I thought it was worth taking a look at reasons to switch to Cheeky Wipes cloth baby wipes, rather than disposable wipes.
I've suffered from eczema since I was about 5 years old and unfortunately have never grown out of it. I'm still prone to flare ups (stress and alcohol seem to play a part in this) and as a result have always been careful what I use on my skin and washing powder etc.
When my eldest son was born, I quickly found that the eczema on my hands meant using disposable baby wipes (even the sensitive ones!) wasn't an option. Even the sensitive skin formulations reddened and irritated my skin.
As I was using cloth nappies anyway, this prompted me to switch to cloth wipes. Initially I soaked them in chamomile tea bags and lavender, but quickly realised that using an essential oil solution was quicker, cheaper and more convenient.
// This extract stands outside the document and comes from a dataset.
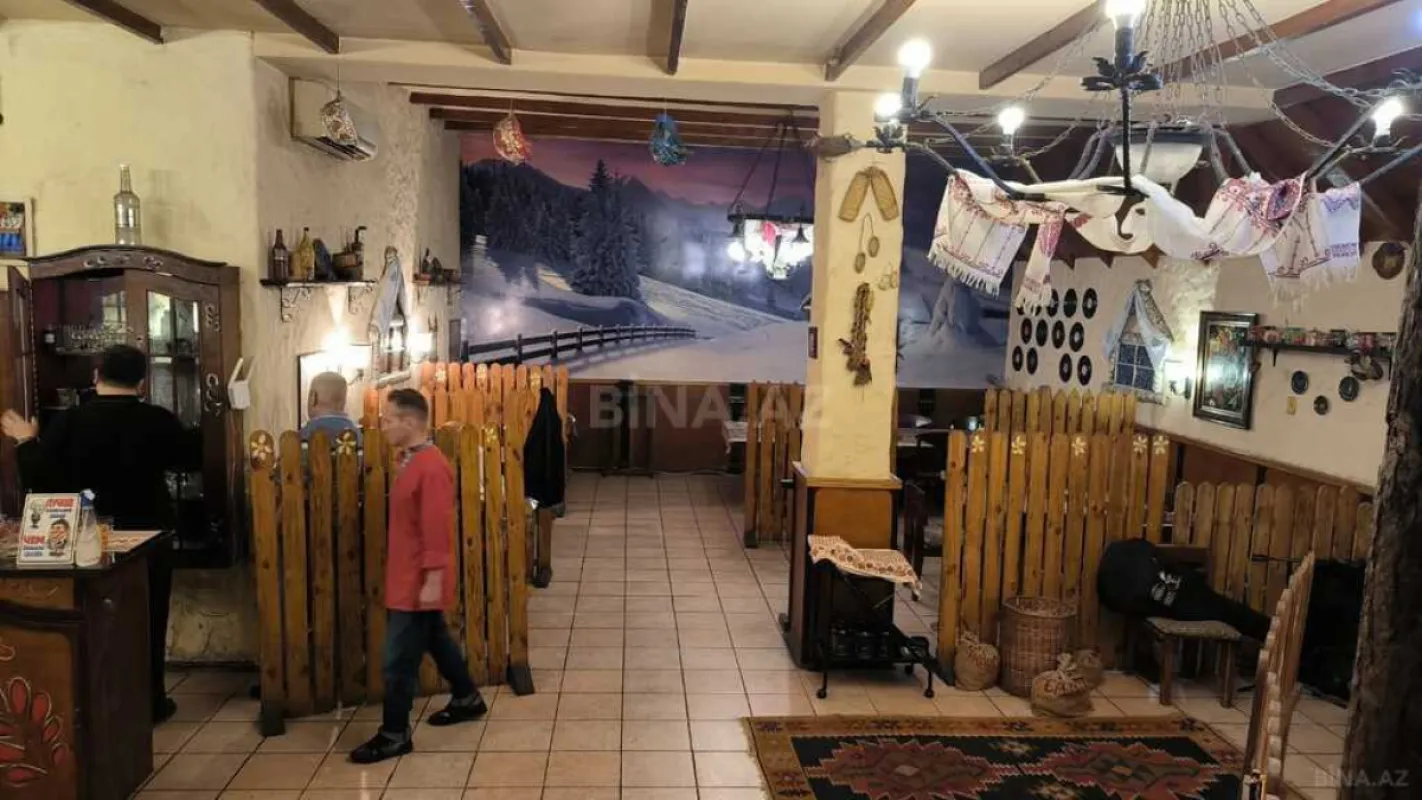 Satılır obyekt 150 m²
If you have sensitive skin, the best thing about Cheeky wipes is that you can even use them with just plain old water too, so they're brilliant for the first 6 weeks when your baby is newborn and midwives recommend using water only to cleanse your baby. You simply need to only soak as many as you would use in a day as the lavender oil acts as a preservative.
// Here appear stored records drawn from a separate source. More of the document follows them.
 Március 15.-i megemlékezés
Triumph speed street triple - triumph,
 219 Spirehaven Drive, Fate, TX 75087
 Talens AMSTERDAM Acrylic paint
Even when you do add the lavender oil, with 400ml of water and 4 or 5 drops of oil, it works out at 99.84% water to oil - just as pure as any wipe on the market!
Not Paint Stripper
I'm not saying that Cheeky Wipes are a miracle cure for eczema and sensitive skin, however they just aren't full of the chemicals used in disposable baby wipes. I recently was FORCED to buy disposable baby wipes by a painter who wanted them to remove splashes of paint from the walls! Now seriously, if you use them to remove paint, why would you use them on your baby's skin?